I’ve recently completed standing up our OHDSIonAWS stack in our AWS account and I opted to use all synthetic datasets that were referenced in the CloudFormation template. Everything works great for those datasets, and I can easily query them and look at the data in Atlas. Now, the organization I work for is going to be generating a ton of data that I’m attempting to stand up an automated data pipeline for, and my question is the following: what is the process of adding new datasets to the Redshift cluster on AWS?
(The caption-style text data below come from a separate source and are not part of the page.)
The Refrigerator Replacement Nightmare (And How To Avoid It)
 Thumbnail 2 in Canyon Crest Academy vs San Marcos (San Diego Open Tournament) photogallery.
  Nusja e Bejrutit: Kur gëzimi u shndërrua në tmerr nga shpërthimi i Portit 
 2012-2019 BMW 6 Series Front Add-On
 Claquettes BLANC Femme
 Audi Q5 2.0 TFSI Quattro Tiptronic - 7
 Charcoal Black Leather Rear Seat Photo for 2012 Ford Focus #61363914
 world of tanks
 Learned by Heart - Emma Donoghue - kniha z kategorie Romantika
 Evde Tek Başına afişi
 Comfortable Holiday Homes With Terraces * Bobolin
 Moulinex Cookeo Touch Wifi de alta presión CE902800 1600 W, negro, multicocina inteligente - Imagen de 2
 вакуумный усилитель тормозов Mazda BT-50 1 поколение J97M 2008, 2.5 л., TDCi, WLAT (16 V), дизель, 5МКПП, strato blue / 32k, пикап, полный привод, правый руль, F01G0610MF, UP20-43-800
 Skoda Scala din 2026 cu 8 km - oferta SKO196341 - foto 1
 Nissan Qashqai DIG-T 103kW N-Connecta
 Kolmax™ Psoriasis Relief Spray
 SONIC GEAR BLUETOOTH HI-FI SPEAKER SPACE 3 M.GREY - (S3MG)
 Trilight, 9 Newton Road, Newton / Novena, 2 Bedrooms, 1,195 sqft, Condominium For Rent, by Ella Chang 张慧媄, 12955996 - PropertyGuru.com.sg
I’m a little stuck on what my next steps should be. I’ve created the SQL scripts to copy the data from CSV files located in S3, populated the person table and added all the vocabularies in Redshift’s query editor, and verified that all the data exists in Redshift. Now, my problem is that I am having issues with using the configuration panel in Atlas 2.75 to add a new dataset to the web API. Every time I submit the dataset (using the schema name that I created in Redshift), Atlas always responds with an error that says:
The Source was not saved. An exception ocurred: javax.persistence.EntityExistsException
More pieces of information that may be helpful:
- I have the internet gateway restricted to only allow traffic from inside our internal network’s CIDR range.
- I’m using the JDBC connection that Redshift gives me to attempt to load the dataset, along with the master user’s password.
- I do not have a results schema at this point (this is all synthetic data currently and I’m trying to just get familiar with loading data into the system).
Am I missing something glaringly obvious? To me it seems like Atlas can’t find the dataset, but I know it exists in Redshift.